According to Chaplain Brunk, Angel Tree has been an important part of prisoner life at Palma since shortly after the facility opened in July 2008. There, designated elders and deacons of the prison church play an important role in advertising and administering the program.
“The second year that we had Angel Tree,” explains Chaplain Brunk, I turned around to [the prison church leaders] and said,’ Here is a wonderful opportunity for you to bless the inmates around you … You should be letting guys know this is here to be a blessing.’ The inmates themselves got really excited about it.”
The prison church at La Palma has the same goals for itself as many churches on the outside—to preach the Gospel and to care for the poor and outcast. But because of the many restrictions that come with incarceration, it can be hard for the inmate church at La Palma to fulfill its calling.
“[Angel Tree is] just about the only thing that we have that enables the inmate church to actually be able, as an extension of the Church at large, to give, just to give. It is one of the pure examples here of the grace of God that is just giving and not expecting anything in return. That makes a huge difference, because that’s what the church is all about,” says Chaplain Brunk.

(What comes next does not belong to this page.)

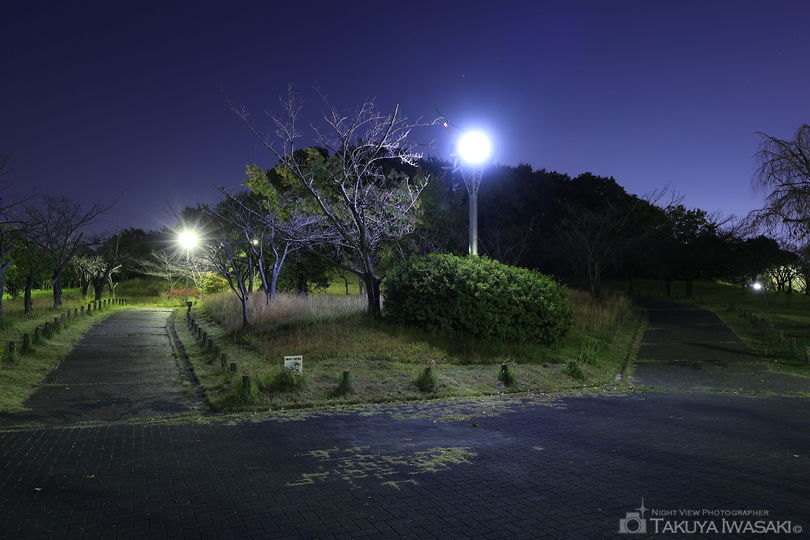 藤が丘デザイン公園の夜景スポット写真（5）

In other words, by being able to offer Angel Tree to their fellow prisoners, the church has a rare opportunity to demonstrate God’s love for inmates and their families.
Chaplain Brunk believes that Compound 2’s generous donation to Angel Tree is a sign that the church is being heard across the prison. The proceeds from food sales usually go to local charities, he says. This time, however, at the suggestion of the prison deacons and elders, the nonreligious prisoner advisory council made the unusual decision to give the funds to a national, Christian ministry.
“Angel Tree is making an impact,” says Chaplain Brunk. “There are Muslims and Wiccans on that council. For them to have taken the advice of the deacons and the elders and gone for it speaks volumes about what you all are doing.”